Geographic Scale Ladder

Scale

From Arizona to the world: how the fixture ladder ends, and where local models collapse.

The point is not that the model suddenly becomes the solver at larger scales. The point is that the deterministic solver path changes honestly as the problem size changes — and the orchestrated path remains authoritative regardless.

Compact Ladder View — Local Models

Instance Cities Solver Local direct valid? Local outcome Orchestrated correct?
tsp-004/005 8 – 10 Brute-force exact model-dependent Exact to structurally invalid yes
tsp-006 20 Held-Karp exact DP yes Valid but worse than exact solver yes
tsp-007 50 NN + 2-opt heuristic yes Valid but worse than heuristic yes
tsp-008 100 NN + 2-opt heuristic no Structural collapse — all tested local models yes

Local models can remain usable into the geographic middle rung. They do not remain structurally reliable at world scale. The orchestrated path continues to track the deterministic solver at every rung.
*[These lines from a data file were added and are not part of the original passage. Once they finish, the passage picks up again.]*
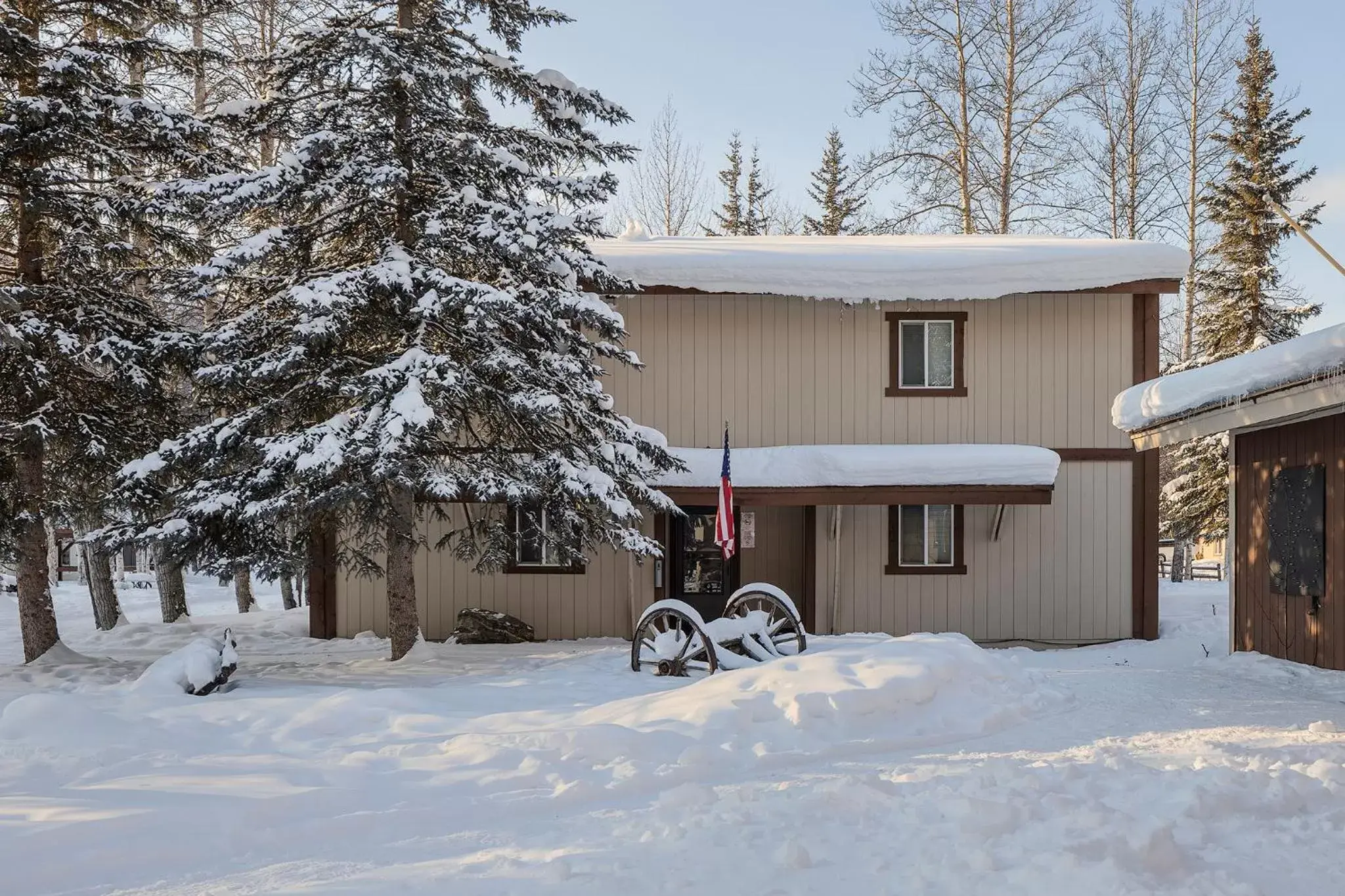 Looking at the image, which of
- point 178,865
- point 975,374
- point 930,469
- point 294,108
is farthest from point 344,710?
point 975,374

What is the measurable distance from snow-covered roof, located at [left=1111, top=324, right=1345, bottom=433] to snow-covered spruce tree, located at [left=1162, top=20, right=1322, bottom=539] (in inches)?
487

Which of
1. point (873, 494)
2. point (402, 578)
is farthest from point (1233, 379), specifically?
point (402, 578)

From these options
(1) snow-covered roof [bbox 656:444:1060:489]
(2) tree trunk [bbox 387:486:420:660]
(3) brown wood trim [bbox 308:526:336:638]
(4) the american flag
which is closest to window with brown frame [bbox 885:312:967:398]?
(1) snow-covered roof [bbox 656:444:1060:489]

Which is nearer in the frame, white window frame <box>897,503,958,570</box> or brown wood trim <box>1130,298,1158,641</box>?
brown wood trim <box>1130,298,1158,641</box>

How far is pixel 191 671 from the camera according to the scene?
8.23m

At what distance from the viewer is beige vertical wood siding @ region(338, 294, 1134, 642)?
45.3 feet

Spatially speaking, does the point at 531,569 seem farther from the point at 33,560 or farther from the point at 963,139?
the point at 963,139

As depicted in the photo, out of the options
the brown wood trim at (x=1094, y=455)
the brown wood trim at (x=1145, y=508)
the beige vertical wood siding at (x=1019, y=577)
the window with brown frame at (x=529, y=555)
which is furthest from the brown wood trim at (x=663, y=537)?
the brown wood trim at (x=1145, y=508)

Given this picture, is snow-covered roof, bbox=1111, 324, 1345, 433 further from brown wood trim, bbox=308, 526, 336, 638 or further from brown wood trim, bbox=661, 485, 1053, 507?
brown wood trim, bbox=308, 526, 336, 638

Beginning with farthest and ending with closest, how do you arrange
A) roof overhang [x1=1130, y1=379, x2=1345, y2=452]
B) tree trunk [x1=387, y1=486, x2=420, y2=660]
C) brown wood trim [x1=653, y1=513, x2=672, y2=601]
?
1. brown wood trim [x1=653, y1=513, x2=672, y2=601]
2. tree trunk [x1=387, y1=486, x2=420, y2=660]
3. roof overhang [x1=1130, y1=379, x2=1345, y2=452]

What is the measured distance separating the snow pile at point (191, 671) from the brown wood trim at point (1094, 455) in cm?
1075

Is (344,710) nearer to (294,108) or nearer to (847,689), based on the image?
(847,689)

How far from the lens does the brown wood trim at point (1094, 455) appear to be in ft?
45.4

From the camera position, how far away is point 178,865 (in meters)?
4.54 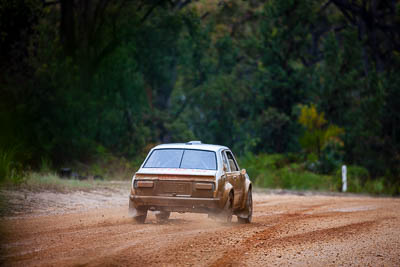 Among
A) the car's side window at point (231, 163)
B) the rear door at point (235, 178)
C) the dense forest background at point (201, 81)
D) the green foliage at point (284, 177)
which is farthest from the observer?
the green foliage at point (284, 177)

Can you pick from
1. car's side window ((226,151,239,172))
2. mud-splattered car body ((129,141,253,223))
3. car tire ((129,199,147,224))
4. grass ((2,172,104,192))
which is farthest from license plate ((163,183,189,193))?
grass ((2,172,104,192))

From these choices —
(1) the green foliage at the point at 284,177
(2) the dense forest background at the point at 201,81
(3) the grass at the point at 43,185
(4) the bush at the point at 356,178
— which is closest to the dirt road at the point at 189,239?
(3) the grass at the point at 43,185

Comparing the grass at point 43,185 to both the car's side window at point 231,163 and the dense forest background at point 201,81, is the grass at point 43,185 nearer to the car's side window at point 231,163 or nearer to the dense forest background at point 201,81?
the dense forest background at point 201,81

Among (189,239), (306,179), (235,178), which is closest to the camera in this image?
(189,239)

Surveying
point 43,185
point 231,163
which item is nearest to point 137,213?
point 231,163

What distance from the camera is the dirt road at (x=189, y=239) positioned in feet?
28.5

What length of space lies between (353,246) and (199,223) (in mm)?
3890

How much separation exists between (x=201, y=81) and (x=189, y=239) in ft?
140

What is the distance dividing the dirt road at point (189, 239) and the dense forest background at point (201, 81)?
236 inches

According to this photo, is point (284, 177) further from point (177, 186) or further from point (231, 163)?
point (177, 186)

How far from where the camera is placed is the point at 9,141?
24859 millimetres

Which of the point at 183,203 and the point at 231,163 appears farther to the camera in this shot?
the point at 231,163

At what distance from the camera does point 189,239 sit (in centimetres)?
1052

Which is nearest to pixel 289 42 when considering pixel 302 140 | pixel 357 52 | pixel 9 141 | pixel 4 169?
pixel 357 52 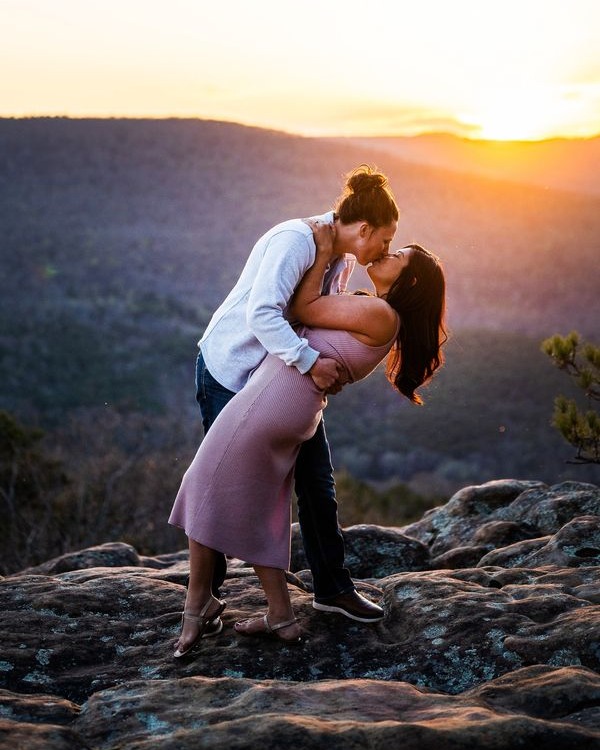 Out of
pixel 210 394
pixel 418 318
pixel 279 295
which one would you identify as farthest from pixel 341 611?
pixel 279 295

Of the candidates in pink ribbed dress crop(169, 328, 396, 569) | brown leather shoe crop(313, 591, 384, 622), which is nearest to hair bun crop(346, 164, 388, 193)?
pink ribbed dress crop(169, 328, 396, 569)

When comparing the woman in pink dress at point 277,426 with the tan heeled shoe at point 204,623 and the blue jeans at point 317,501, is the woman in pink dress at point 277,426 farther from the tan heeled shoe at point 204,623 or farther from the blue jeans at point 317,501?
the blue jeans at point 317,501

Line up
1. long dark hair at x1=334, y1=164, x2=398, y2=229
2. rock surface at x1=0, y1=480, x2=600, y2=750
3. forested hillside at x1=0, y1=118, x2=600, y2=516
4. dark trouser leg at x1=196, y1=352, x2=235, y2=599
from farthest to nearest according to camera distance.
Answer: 1. forested hillside at x1=0, y1=118, x2=600, y2=516
2. dark trouser leg at x1=196, y1=352, x2=235, y2=599
3. long dark hair at x1=334, y1=164, x2=398, y2=229
4. rock surface at x1=0, y1=480, x2=600, y2=750

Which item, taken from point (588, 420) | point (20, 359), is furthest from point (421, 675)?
point (20, 359)

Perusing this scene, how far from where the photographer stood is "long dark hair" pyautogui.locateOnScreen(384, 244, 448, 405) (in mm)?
3648

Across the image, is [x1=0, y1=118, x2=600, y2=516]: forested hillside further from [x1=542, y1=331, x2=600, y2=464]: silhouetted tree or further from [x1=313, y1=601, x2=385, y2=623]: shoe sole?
[x1=313, y1=601, x2=385, y2=623]: shoe sole

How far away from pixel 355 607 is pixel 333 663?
14.7 inches

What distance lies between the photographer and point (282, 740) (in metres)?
2.45

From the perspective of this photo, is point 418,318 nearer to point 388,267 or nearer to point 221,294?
point 388,267

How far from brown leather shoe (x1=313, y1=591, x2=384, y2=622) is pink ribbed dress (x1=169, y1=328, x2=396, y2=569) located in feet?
1.23

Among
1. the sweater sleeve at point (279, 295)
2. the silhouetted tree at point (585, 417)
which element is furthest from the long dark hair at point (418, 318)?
the silhouetted tree at point (585, 417)

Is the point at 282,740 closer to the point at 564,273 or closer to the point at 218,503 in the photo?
the point at 218,503

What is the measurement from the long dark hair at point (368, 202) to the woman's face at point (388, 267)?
15 cm

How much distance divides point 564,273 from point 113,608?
35539 millimetres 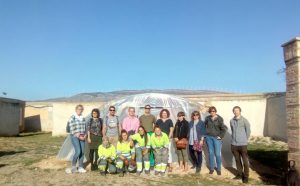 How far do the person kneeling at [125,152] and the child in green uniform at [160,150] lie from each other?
2.01ft

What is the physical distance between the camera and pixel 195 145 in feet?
33.4

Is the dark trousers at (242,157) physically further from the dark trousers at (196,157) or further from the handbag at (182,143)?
the handbag at (182,143)

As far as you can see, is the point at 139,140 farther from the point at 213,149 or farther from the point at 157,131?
the point at 213,149

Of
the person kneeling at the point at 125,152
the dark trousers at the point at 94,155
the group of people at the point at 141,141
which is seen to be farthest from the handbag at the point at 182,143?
the dark trousers at the point at 94,155

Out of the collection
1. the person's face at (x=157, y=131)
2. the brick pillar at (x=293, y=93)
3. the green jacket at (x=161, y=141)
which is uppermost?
the brick pillar at (x=293, y=93)

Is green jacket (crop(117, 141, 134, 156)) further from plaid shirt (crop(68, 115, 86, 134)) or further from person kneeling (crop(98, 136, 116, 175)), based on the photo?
plaid shirt (crop(68, 115, 86, 134))

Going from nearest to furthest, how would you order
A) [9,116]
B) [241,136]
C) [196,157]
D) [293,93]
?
1. [293,93]
2. [241,136]
3. [196,157]
4. [9,116]

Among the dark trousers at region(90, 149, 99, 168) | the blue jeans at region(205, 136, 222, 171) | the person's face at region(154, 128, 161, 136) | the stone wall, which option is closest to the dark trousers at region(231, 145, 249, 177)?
the blue jeans at region(205, 136, 222, 171)

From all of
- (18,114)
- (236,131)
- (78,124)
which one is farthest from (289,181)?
(18,114)

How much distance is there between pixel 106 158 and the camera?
9.67m

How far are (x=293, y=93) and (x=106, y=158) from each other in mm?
4494

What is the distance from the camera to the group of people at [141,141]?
9797 millimetres

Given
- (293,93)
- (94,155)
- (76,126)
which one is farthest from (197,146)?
(76,126)

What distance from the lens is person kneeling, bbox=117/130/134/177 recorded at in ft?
31.9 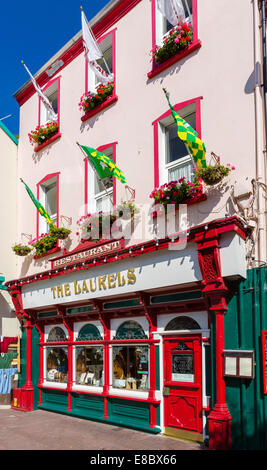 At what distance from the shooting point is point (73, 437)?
935 cm

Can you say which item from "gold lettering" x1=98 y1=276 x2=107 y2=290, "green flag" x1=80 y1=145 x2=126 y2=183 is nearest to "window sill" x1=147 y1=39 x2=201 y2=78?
"green flag" x1=80 y1=145 x2=126 y2=183

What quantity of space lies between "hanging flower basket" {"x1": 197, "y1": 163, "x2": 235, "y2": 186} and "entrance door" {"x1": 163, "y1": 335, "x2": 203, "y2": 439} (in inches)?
120

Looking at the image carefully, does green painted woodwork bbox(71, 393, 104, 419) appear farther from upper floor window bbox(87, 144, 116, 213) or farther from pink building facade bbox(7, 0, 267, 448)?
upper floor window bbox(87, 144, 116, 213)

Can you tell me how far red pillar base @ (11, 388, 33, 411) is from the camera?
1281 centimetres

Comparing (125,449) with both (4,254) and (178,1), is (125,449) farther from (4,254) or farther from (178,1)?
(178,1)

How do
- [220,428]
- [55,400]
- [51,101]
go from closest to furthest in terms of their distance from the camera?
1. [220,428]
2. [55,400]
3. [51,101]

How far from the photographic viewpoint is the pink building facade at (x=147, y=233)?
321 inches

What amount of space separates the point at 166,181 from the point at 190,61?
2571 millimetres

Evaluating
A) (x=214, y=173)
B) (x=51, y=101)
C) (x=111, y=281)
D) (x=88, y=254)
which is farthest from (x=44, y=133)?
(x=214, y=173)

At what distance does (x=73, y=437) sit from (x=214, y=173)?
6101 mm

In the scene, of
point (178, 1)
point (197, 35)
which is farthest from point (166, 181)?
point (178, 1)

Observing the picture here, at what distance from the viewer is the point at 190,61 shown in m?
9.52

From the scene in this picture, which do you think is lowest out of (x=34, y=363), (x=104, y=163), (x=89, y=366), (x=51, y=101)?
(x=34, y=363)

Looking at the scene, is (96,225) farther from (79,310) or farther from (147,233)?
(79,310) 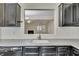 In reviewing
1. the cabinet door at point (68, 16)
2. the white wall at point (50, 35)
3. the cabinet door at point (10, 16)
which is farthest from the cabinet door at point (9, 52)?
the cabinet door at point (68, 16)

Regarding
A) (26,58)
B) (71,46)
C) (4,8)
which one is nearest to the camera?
(26,58)

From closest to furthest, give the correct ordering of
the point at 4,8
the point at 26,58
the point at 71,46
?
the point at 26,58 < the point at 71,46 < the point at 4,8

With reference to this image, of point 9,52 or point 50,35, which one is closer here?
point 9,52

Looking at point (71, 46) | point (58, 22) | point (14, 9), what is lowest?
point (71, 46)

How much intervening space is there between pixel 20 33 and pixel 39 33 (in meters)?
0.47

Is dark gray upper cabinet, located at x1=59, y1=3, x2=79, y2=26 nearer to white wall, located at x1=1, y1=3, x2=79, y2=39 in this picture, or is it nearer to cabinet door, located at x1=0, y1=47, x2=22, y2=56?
white wall, located at x1=1, y1=3, x2=79, y2=39

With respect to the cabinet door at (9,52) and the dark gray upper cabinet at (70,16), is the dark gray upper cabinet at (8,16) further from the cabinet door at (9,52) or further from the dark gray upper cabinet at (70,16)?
the dark gray upper cabinet at (70,16)

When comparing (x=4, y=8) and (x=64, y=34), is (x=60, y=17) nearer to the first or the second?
(x=64, y=34)

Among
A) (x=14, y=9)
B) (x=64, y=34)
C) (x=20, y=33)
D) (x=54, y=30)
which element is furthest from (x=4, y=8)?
(x=64, y=34)

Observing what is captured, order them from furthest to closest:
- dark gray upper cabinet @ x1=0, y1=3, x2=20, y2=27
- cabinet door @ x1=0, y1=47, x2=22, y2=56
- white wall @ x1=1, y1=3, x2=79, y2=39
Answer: white wall @ x1=1, y1=3, x2=79, y2=39 < dark gray upper cabinet @ x1=0, y1=3, x2=20, y2=27 < cabinet door @ x1=0, y1=47, x2=22, y2=56

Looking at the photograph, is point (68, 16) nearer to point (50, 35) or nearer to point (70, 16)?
point (70, 16)

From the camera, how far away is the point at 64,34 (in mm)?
3467

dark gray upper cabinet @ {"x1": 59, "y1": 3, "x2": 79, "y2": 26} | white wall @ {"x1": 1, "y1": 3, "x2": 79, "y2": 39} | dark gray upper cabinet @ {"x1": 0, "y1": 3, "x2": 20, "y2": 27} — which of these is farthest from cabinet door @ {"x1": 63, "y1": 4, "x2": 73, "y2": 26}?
dark gray upper cabinet @ {"x1": 0, "y1": 3, "x2": 20, "y2": 27}

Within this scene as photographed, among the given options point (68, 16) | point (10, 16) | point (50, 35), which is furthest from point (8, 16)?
point (68, 16) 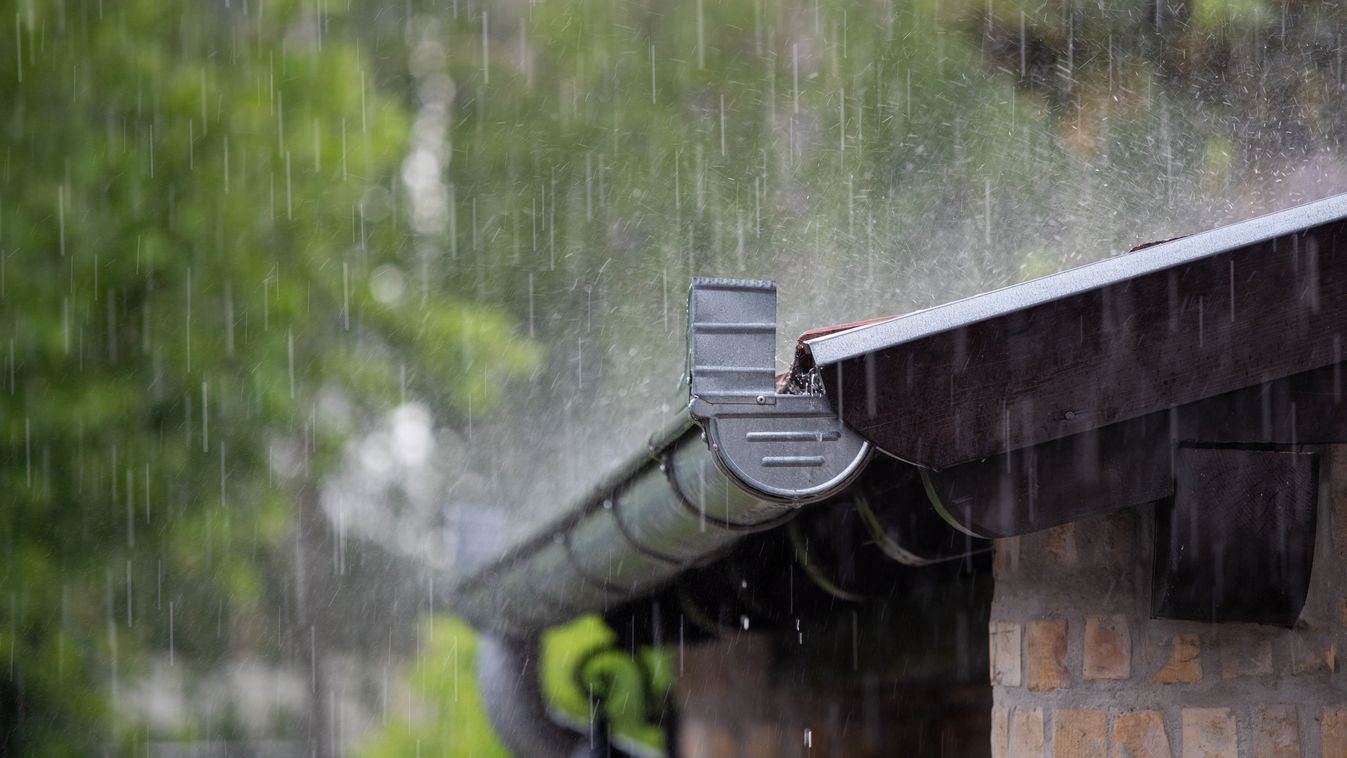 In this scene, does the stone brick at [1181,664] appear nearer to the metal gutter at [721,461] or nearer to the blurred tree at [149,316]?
the metal gutter at [721,461]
20-City Southwest Geographic Comparison

Fixture: tsp-006 · sw_20 · 20 cities · real lat/lon · haversine miles · Held-Karp exact DP

Path Solver Solver exact? Valid? Direct gap Orchestrated target Solver time
Fixture baseline Held-Karp yes yes 703.5 mi optimal 9.704s

First real-geographic medium-scale rung. The deterministic path is still exact here. The direct path stays structurally valid but is materially worse than the exact solver. The orchestrated path matches the exact deterministic answer.

50-City U.S. Geographic Comparison

Fixture: tsp-007 · us_50 · 50 cities · real lat/lon · haversine miles · nearest-neighbor + 2-opt heuristic

Path Solver Solver exact? Valid? Direct gap Orchestrated target Solver time
Fixture baseline NN + 2-opt heuristic yes 1,491.9 mi solver 0.013s

National-scale rung. The deterministic path is still the professional answer, but it is no longer exact. The orchestrated path matches the deterministic solver output. The direct path remains a benchmarked baseline, not the solving authority.

100-City World Comparison

Fixture: tsp-008 · world_100 · 100 cities · real lat/lon · haversine miles · nearest-neighbor + 2-opt heuristic

Local Model Slice

Model Direct valid? Direct outcome Orchestrated target Direct time Orchestrated time
gemma3:27b no missing 9 cities solver 21.886s 21.285s
qwen2.5:14b no severe missing-city collapse solver 9.255s 9.924s
llama3.1:8b no severe missing-city collapse solver 7.821s 4.540s
llama3.2:3b no severe missing-city collapse solver 5.276s 2.978s

The local-model set does not merely drift at world scale — it collapses structurally across all tested rows. The orchestrated path still matched the deterministic solver on every row.


Frontier Nuance

Two bounded frontier-anchor assessments show a different failure mode at the world rung. These are not clean shared-table benchmark rows — conditions are not identical to the local Ollama runs.

Instance Cities Codex Frontier Claude Frontier Orch correct?
tsp-004 8 gap 0.0 gap 0.0 yes
tsp-005 10 gap 0.0 gap 0.0 yes
tsp-006 20 gap 0.0 gap 0.0 (contaminated) yes
tsp-007 50 not attempted gap 1,484.2 mi (12.8%) yes
tsp-008 100 8,761.4 mi vs heuristic 4,996.3 mi (7.5%) yes

Frontier models stay structurally valid far beyond the local set. Stronger frontier capability delays failure into quality drift rather than structural collapse. Even there, the solver-backed orchestrated path remains the authoritative answer.

What Changed At Scale

The Phoenix point survives the size increase, but the solver contract becomes more explicit:

Small (4–10 cities)

Brute-force exact search. The solver produces the optimal route. Direct model solving varies from exact to structurally invalid by model.

Medium (20 cities)

Held-Karp dynamic programming — still exact. Direct models stay valid but are worse than the exact answer.

Large (50 cities)

Deterministic heuristic. The solver is no longer globally optimal, but remains the professional optimization authority.

World (100 cities)

Deterministic heuristic. Local models collapse structurally. Frontier models drift in quality. The orchestrated path holds.

The important systems lesson stays the same: correctness or optimization policy belongs in the solver path. The model should classify, route, and explain.

Failure Mode Shift

At world scale, the failure split becomes especially clear:

Local models

structural collapse — Drop cities, produce invalid tours. The route itself is unusable.

Frontier models

quality drift — Remain structurally valid but diverge materially from the deterministic heuristic baseline.

The architectural conclusion survives both regimes. Stronger models delay failure — they do not eliminate the need for solver-backed design.